__Provided records__
○ ○ ○ ○

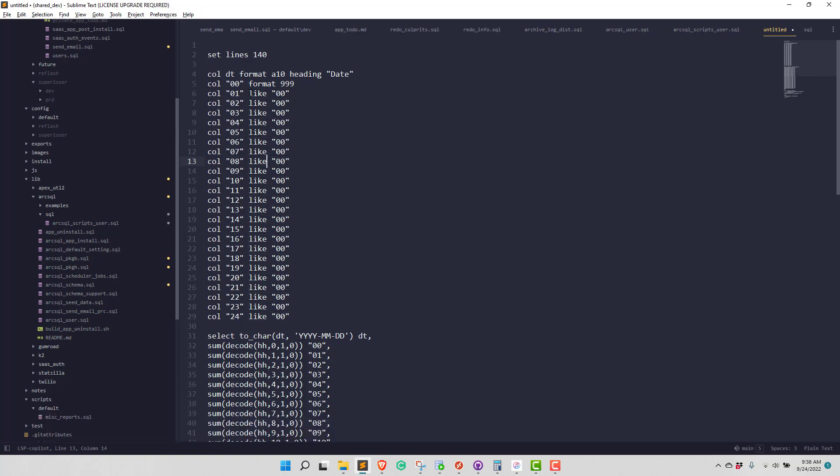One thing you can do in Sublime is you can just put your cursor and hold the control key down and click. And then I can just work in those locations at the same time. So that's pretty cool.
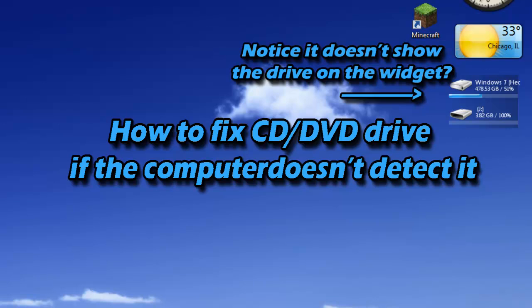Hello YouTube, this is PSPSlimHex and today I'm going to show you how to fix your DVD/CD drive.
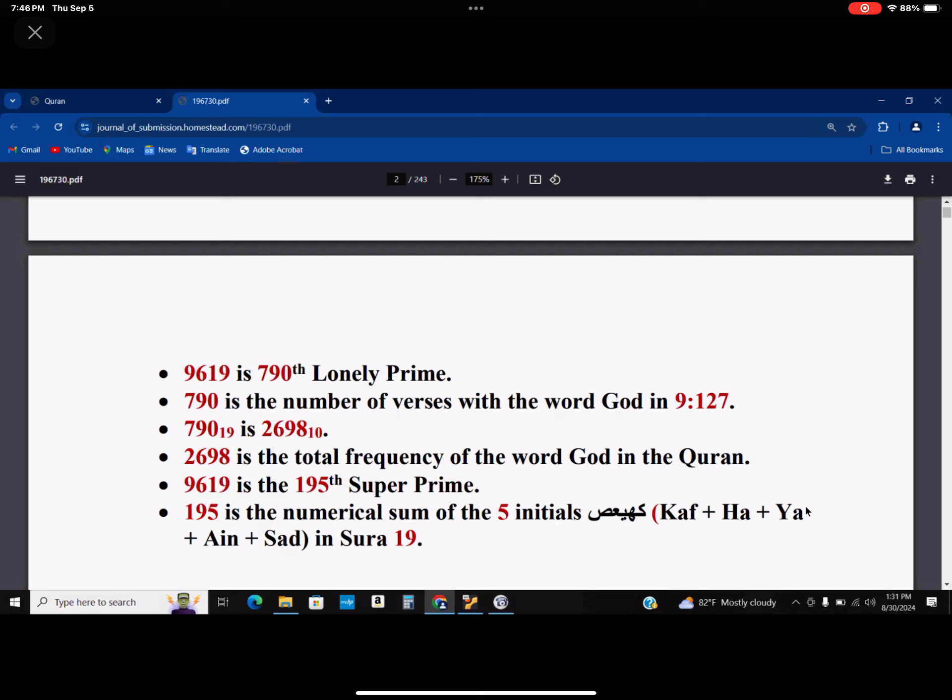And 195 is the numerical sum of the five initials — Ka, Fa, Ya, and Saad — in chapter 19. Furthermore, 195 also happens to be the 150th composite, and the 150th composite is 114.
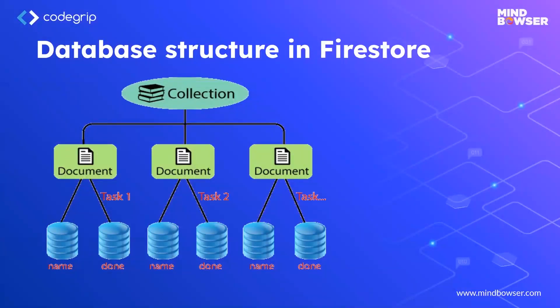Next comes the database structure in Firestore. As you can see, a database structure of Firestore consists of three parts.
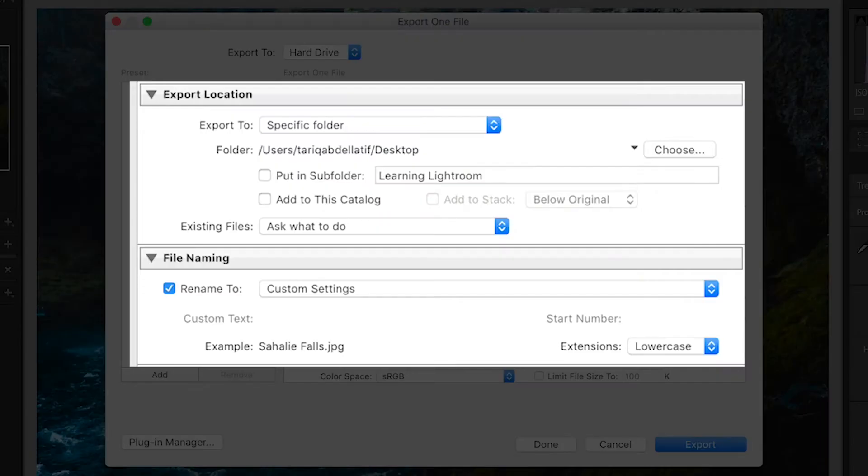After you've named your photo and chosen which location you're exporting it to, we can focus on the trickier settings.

○ ○ ○ ○

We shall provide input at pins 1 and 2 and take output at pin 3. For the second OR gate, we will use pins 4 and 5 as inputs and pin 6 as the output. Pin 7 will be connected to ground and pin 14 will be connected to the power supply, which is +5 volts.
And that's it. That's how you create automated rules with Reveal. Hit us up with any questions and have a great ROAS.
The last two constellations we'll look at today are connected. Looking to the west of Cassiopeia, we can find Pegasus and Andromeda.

○ ○ ○ ○

__Goal of the exercise__
Transcribe, word for word, the stretch of lines in the data above from the one with "And 195 is the" through the one with "Next comes the"; omit all pictures.

__Expected output__
And 195 is the numerical sum of the five initials — Ka, Fa, Ya, and Saad — in chapter 19. Furthermore, 195 also happens to be the 150th composite, and the 150th composite is 114.
Next comes the database structure in Firestore. As you can see, a database structure of Firestore consists of three parts.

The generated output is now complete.